In the following sections, we'll discuss the guts of XTF's spelling correction system, detailing some strategies that were considered and the final strategy selected, the methods that XTF uses to come up with high-quality suggestions, and how the dictionary is created and stored. If you're looking for information on configuring and using the system, see the
Programming Guide.
Choosing an Index-based Strategy
We considered three strategies for spelling correction, each deriving suggestions from a different kind of source data.
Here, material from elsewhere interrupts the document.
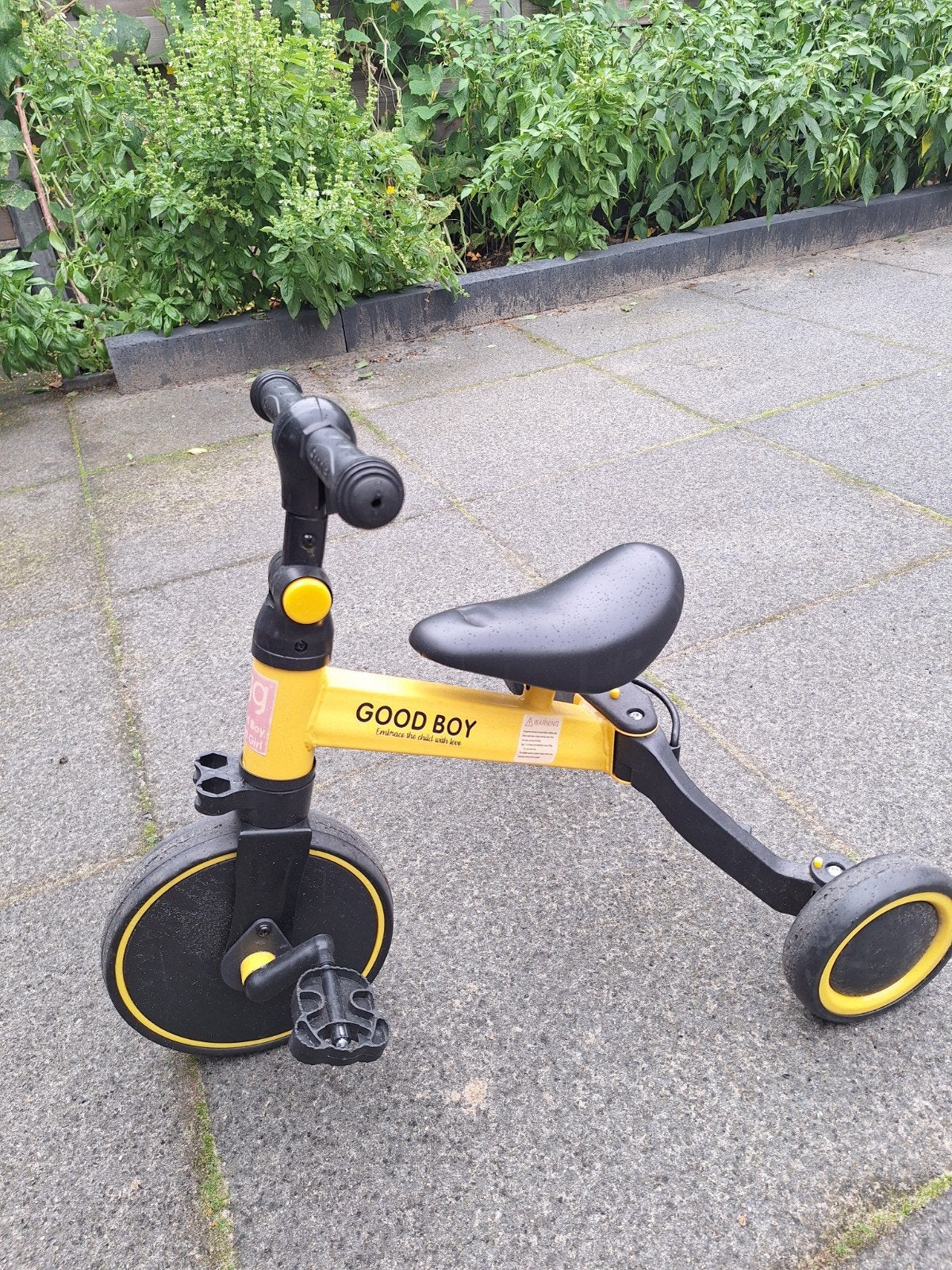 2-in-1 Loopfiets/driewieler 'Good Boy/Girl' - ZGAN, Ophalen of Verzenden, Zo goed als nieuw, Loopfiets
- Fixed Dictionary: Available software, such as GNU Aspell, makes spelling corrections based on one or more fixed, pre-constructed dictionaries. But the bibliographic data in our test bed and our sample queries from a live university library catalog were multilingual and contained a substantial proportion of proper nouns (e.g. names of people or places). This ruled out a fixed dictionary, since many of these proper nouns and foreign words wouldn't be present in any standard dictionary.
- Query Logs: In this method, we would compare the user's query to an extensive set of prior queries, and suggest alternative queries which resulted in more hits. Unfortunately, our test system had a limited number of users, and there was no feasible way to get hold of the millions of representative queries this strategy would require, so it was ruled out as well.
- Index-based Dictionary: Here we would make suggestions using an algorithm that draws on terms and term frequency data from the XTF index itself. It resembles the first approach except that the dictionary is dynamically derived from the actual documents and their text.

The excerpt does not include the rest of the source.